G.I. Joe: The Rise of Cobra went on to cume at $150.2 million in North America, plus an additional $152.3 million internationally for a worldwide total of $302.5 million. Unsurprisingly, considering that branded braindead 3D movies tend to perform remarkably well in numerous key international territories, G.I. Joe: Retaliation will easily surpass that figure. G.I. Joe: Retaliation‘s top international territory this weekend was Russia, with $11 million.
In North America, however, there’s no chance that Sam Raimi’s Oz the Great and Powerful – the year’s actual first (and really, so far only) domestic blockbuster – will fall behind G.I. Joe: Retaliation. Oz the Great and Powerful, which has thus far collected $198.37 million in North America, stars James Franco, Mila Kunis, Michelle Williams, and Rachel Weisz.
‘G.I. Joe: Retaliation’ cast: The hunk, the brawny, and the shirtless
Besides the hunky Channing Tatum, the brawny Dwayne Johnson, and the shirtless D.J. Cotrona – and Bruce Willis, whose other 2013 actioner, Another Day to Die Hard, limped along in North America, but has performed remarkably well internationally – G.I. Joe: Retaliation features Jonathan Pryce (Brazil), Adrianne Palicki, Luke Bracey, Elodie Yung, Joseph Mazzello, Byung-hun Lee, Ray Park, and Ray Stevenson.
Zombieland writers Rhett Reese and Paul Wernick are credited for the G.I. Joe: Retaliation screenplay, based on the life and times of a Hasbro toy. (Not the same one that inspired the Michael Bay / Shia LaBeouf movie franchise Transformers or Peter Berg’s Battleship, which is actually based not on a mere Hasbro toy, but on a Hasbro game.)
G.I. Joe: Retaliation photo featuring stud Channing Tatum, beefcake Dwayne Johnson, and shirtless D.J. Cotrona: Paramount Pictures.
March 30
The Host movie weekend box office: Early estimates indicate a disappointing debut (image: Saoirse Ronan)
No one was expecting The Host, Andrew Niccol’s film adaptation of Stephenie Meyer’s science-fiction novel, to reach the domestic box office heights of the first Twilight movie, also based on a Meyer novel. And let’s not even mention Gary Ross’ The Hunger Games, which, much like Twilight and The Host, was based on a bestselling novel for young adults featuring a determined heroine (Jennifer Lawrence) and the two men in her life (Liam Hemsworth and Josh Hutcherson). (Image: Saoirse Ronan The Host movie.)

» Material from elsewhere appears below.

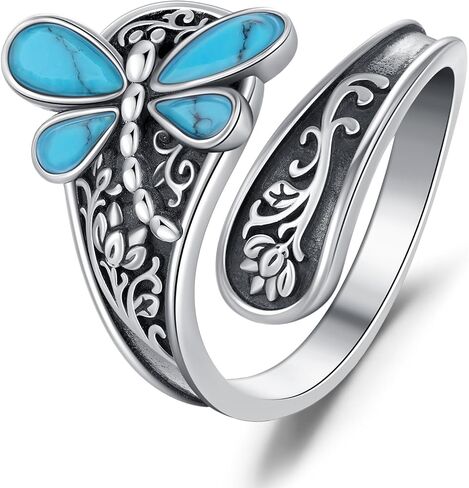 Sterling Silver Turquoise Rings for Women Vintage Adjustable Sunflower/Dragonfly/Butterfly Spoon Rings Boho Antique Statement Ring Jewelry Gifts in Saudi Arabia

In fact, The Host would have had a phenomenal opening were it to earn half of the $69.63 million (not adjusted for inflation) that Catherine Hardwicke’s Twilight brought in in its first three days out. A third of that amount would have been good. One fourth ($17.5m) would have been acceptable. (The Hunger Games, by the way, opened with $152.53 million.)
The Host likely to open below $15 million
Yet, if Friday box office estimates are any indication – $5.5 million according to studio figures found at Boxofficemojo.com – The Host will likely bring in around $13–$14 million from 3,202 North American locations this Easter weekend. If so, that would represent approximately $4,300 per theater. [Addendum: As per studio estimates found at Box Office Mojo, The Host grossed a mere $11 million this Easter weekend following a steep Saturday drop – bad word of mouth? If accurate, that makes The Host a downright box office flop, with a paltry per-theater average of $3,436.]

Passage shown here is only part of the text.